Document a framework for how future of industry might look

The update came out in early February. The main author, Jim Skurla, director of the Labovitz School of Business and Economics’ Bureau of Business and Economic Research at the University of Minnesota Duluth, noted in a recent phone interview from Duluth that while the worldwide economy and its need for steel “had slowed down a bit” recently, especially in China, it didn’t necessarily indicate a decline in demand for the metal.

“It really was red hot there for awhile,” he said of the world economy, but its steel demand has continued to be “cyclical.”

The study found, in the 2010 data, that Northeastern Minnesota’s mining industry made up 30 percent of the region’s economy, down from 33 percent found by the original study done with 2007 data. The newer iron mining operations, as well as the possibilities with the non-ferrous mining operations, project almost a doubling of workers and revenues in mining if all projects advance.

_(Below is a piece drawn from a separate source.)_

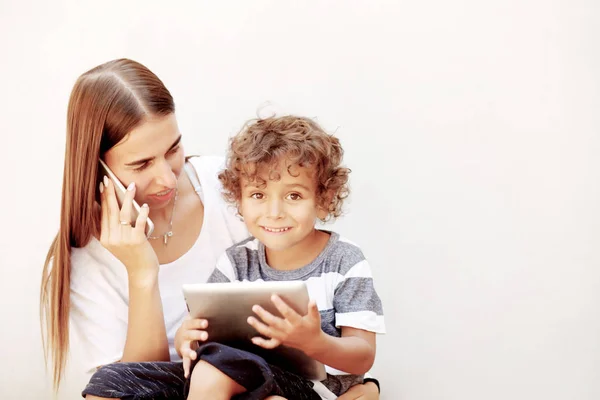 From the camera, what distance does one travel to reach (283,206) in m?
2.02

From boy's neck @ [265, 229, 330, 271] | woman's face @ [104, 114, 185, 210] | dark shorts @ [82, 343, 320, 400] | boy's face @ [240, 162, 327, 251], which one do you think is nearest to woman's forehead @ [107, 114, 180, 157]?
woman's face @ [104, 114, 185, 210]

Iron mining had an impact of about $3 billion to the state’s economy in the 2010 data, with 3,900 employees directly involved and a total of 11,000 employees, including miners, directly or indirectly employed with suppliers or resulting from additional household spending. For every mining job in the industry, another 1.8 jobs are created directly or indirectly, the study found.

While some people have criticized the study for not including other aspects of mining, such as with the environment or its value, Skurla responded that those portions were not the intent of the update.

“It’s not a cost benefit analysis,” he explained, but rather, “it was an economic impact study.”

Trying to figure out what an object or commodity is worth or not in an economy can vary among people. “It’s subjective,” he added.

Looking at data from 2011, he said mining activity had increased a bit, and there probably should be a mining economic impact study done every five years or so.